Her publicity list in 2026 includes:
Winter: Generator by Rinny Gremaud, a debut novel, translated by Holly James, that Shelf Awareness says, “provides a deeply meditative examination of identity,” Foreword Reviews called “enthralling, genre-bending,” and Publishers Weekly says, “leaves readers with much to chew on,” (Schaffner Press, January). Hostages: A Counter-History of Colonial Plunder by Taina Tervonen, new narrative nonfiction from The Bone Whisperers author and 2022 winner of the Jan Michalski Prize for Literature, translated by Sara Hanaburgh (Schaffner Press, February). Read an interview at the Washington Independent Review of Books, which notes, “Tervonen’s investigation follows the long effort to bring these objects home and finds in the story a wider reckoning with what colonial plunder truly costs.”
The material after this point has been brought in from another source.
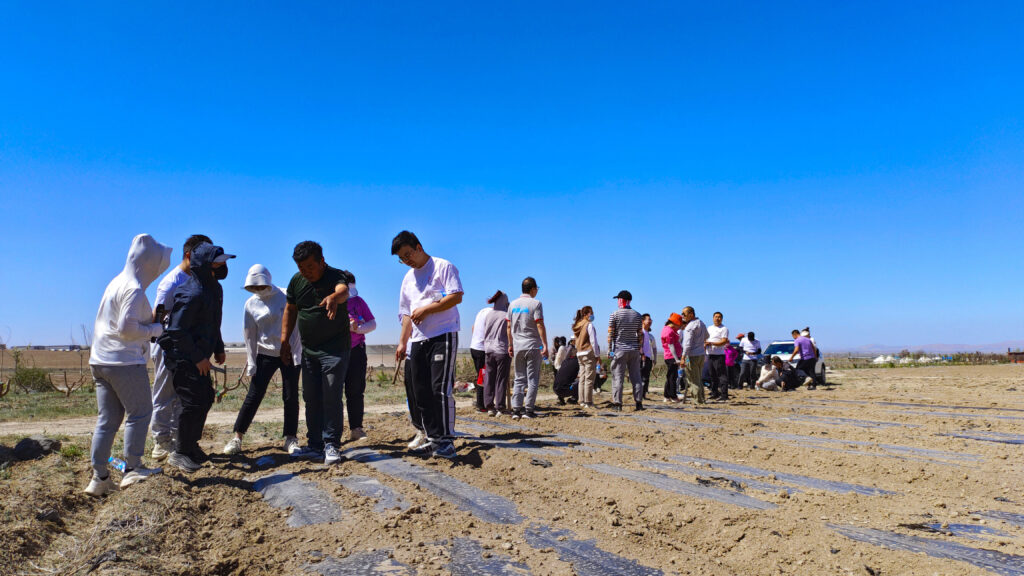 走进田园 播种希望|德赢VWIN物流春种团建活动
Spring: The Daughters, praised by The Nerd Daily as “pure atmosphere and that is what keeps the pages turning,” by “historian-turned-novelist” Joanna Margaret (Mysterious Press, March), interviewed on WHMP’s Writers’ Block with Megan Zinn, who said,“I love a book that makes the work of librarians exciting…librarians as heroes, particularly in a thriller”; and Deborah Brown English’s Time’s Breath art exhibition and debut illustrated novel, praised in Bmore Art as, “both a deconstruction and a reconstruction of the classic illustrated fantasy fiction books of the past.” In late March, Superbook, created by the Italian Cultural Institute in New York, kicked off with a four-day festival designed to bring together top Italian authors and American readers that Publishers Weekly deemed “original,” and will continue in September. In May, two newly reissued novels by Howard Rodman, Destiny Express, praised by Alta as, “Boldly imagined, full of glamour and peril, this expressionist novel considers what people sacrifice when history leaves them no good options,” and The Great Eastern.
Summer: Boman Desai’s new novel, Brahms Comes to Dinner (Schaffner Press, June), excerpted in print and online at the Brooklyn Rail, which notes, “By dramatizing the high-voltage, yet tender, minds of three legendary musicians, Boman Desai has written a When We Cease to Understand the World for nineteenth-Century classical music.”
Fall: Any Kind of Known Tomorrow by Leah De Forest (a debut novel; Betty Books, September), Dope Calisthenics by The Relegation Reader contributor Sylvia Jones (Relegation Books, October 2026), and The Bullet Inside Me by Gustavo Eduardo Abrevaya, translated by Andrea G. Labinger (Schaffner Press, October). Of Abrevaya’s previous novel, The Sanctuary, his debut in English, The New York Times Book Review said, “Abrevaya’s gripping prose drips cosmic horror…lovers of nihilistic noir would be remiss to skip this dark gem,” and named it 1 of 10 “Best Horror Books of 2023.”
In 2027, confirmed authors include Kirmen Uribe, whose work has been translated into more than twenty languages, and will next appear in the U.S. with Life Before Dolphins, translated by Megan McDowell (Coffee House Press, January); and Only the Lie is True by Malik Sam, translated by Marjolijn de Jager (Schaffner Press, January).
Cerand holds a Bachelor’s of Science degree in Industrial & Labor Relations from Cornell University. She serves on the advisory committee of Film Forum, and lives in Baltimore.